[Short descriptive text snippets]
====
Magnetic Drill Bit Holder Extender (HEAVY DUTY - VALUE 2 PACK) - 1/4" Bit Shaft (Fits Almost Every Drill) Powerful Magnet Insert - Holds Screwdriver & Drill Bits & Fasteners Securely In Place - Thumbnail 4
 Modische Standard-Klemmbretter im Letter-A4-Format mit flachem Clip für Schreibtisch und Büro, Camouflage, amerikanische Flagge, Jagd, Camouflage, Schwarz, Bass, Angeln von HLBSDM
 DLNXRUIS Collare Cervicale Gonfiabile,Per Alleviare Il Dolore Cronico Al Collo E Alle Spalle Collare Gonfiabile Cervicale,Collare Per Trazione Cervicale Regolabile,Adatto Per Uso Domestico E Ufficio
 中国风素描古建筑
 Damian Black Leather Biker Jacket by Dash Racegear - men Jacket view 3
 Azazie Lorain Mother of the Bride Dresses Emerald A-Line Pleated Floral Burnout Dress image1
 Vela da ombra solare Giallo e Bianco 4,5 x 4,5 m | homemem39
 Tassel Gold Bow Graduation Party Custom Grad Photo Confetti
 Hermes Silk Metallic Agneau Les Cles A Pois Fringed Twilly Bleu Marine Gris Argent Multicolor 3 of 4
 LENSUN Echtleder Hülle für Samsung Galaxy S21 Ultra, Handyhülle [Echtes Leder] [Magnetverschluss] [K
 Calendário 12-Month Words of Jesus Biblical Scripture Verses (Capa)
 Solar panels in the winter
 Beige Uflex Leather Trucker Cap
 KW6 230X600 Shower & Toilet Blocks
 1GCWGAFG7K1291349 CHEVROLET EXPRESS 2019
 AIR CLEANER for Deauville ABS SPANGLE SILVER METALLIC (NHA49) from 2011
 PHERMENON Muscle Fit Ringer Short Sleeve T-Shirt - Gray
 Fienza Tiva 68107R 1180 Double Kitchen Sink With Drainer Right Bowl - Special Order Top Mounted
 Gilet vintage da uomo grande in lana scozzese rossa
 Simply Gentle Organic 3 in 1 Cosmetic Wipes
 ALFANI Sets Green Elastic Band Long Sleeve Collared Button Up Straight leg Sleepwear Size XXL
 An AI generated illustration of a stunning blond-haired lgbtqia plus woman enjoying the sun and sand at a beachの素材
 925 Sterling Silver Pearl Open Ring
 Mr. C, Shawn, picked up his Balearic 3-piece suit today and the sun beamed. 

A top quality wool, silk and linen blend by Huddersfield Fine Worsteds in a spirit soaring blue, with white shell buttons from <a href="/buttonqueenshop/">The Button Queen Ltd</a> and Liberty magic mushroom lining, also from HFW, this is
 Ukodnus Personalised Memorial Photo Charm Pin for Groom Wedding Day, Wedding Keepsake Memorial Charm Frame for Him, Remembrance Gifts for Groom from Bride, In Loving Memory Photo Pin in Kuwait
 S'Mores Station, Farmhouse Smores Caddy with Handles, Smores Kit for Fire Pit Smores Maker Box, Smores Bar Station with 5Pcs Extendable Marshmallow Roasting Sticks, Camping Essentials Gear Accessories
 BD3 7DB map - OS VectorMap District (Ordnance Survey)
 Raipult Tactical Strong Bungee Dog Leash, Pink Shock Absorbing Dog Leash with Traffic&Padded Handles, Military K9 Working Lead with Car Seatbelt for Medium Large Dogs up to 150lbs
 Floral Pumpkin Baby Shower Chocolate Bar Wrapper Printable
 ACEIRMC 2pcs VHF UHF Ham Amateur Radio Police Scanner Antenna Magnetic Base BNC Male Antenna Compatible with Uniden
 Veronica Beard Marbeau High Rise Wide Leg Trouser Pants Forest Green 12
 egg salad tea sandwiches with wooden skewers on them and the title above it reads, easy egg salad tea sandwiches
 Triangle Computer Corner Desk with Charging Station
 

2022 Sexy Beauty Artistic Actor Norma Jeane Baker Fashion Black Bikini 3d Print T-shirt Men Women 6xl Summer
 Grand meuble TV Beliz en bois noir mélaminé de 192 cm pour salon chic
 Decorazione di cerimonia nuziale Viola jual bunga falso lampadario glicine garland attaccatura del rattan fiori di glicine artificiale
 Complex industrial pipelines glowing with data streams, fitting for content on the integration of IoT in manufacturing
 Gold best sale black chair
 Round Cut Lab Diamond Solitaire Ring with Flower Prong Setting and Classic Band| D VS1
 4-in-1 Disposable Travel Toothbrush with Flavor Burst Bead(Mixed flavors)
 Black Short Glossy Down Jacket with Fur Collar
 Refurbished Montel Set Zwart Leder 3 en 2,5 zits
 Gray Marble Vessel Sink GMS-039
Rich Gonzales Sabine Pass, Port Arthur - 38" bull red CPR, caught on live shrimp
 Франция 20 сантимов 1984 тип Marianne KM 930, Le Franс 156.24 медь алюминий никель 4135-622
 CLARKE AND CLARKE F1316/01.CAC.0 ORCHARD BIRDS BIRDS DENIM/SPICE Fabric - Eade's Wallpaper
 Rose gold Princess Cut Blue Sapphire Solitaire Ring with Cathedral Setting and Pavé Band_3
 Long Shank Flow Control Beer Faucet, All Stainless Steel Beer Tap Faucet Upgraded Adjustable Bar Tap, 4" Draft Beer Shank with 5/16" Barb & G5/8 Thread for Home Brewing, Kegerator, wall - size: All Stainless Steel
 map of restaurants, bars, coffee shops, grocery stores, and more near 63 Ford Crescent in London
====
### WHAT IS NEEDED
In the entries above, find the line with "Complex industrial pipelines" and the line with "4-in-1 Disposable Travel", then restate word for word both of them and every line between, with nothing more.

### TASK SOLUTION
 Complex industrial pipelines glowing with data streams, fitting for content on the integration of IoT in manufacturing
 Gold best sale black chair
 Round Cut Lab Diamond Solitaire Ring with Flower Prong Setting and Classic Band| D VS1
 4-in-1 Disposable Travel Toothbrush with Flavor Burst Bead(Mixed flavors)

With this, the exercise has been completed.